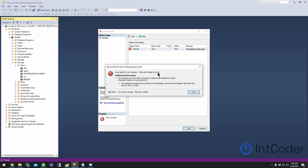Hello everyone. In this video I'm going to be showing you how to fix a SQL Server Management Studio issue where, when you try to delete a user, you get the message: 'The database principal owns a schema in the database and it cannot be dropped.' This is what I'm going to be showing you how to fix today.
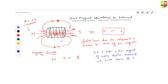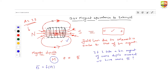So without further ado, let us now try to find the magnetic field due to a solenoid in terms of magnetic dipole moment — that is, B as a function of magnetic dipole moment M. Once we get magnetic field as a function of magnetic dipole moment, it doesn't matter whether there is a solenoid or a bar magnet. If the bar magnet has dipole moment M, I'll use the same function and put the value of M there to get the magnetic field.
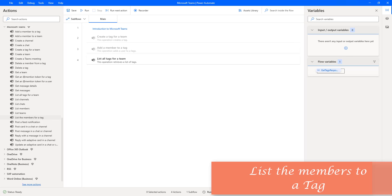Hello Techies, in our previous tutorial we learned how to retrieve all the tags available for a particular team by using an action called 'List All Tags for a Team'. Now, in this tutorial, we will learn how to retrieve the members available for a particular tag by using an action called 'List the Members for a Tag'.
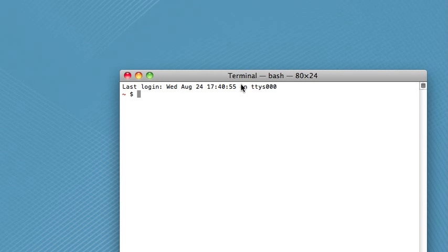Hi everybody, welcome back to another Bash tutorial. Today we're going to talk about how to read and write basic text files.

:::

EXERCISE REQUIREMENTS
The answer must be the data above, repeated exactly, with no pictures.

EXERCISE OUTPUT
Hello everyone. In this video I'm going to be showing you how to fix a SQL Server Management Studio issue where, when you try to delete a user, you get the message: 'The database principal owns a schema in the database and it cannot be dropped.' This is what I'm going to be showing you how to fix today.
So without further ado, let us now try to find the magnetic field due to a solenoid in terms of magnetic dipole moment — that is, B as a function of magnetic dipole moment M. Once we get magnetic field as a function of magnetic dipole moment, it doesn't matter whether there is a solenoid or a bar magnet. If the bar magnet has dipole moment M, I'll use the same function and put the value of M there to get the magnetic field.
Hello Techies, in our previous tutorial we learned how to retrieve all the tags available for a particular team by using an action called 'List All Tags for a Team'. Now, in this tutorial, we will learn how to retrieve the members available for a particular tag by using an action called 'List the Members for a Tag'.
Hi everybody, welcome back to another Bash tutorial. Today we're going to talk about how to read and write basic text files.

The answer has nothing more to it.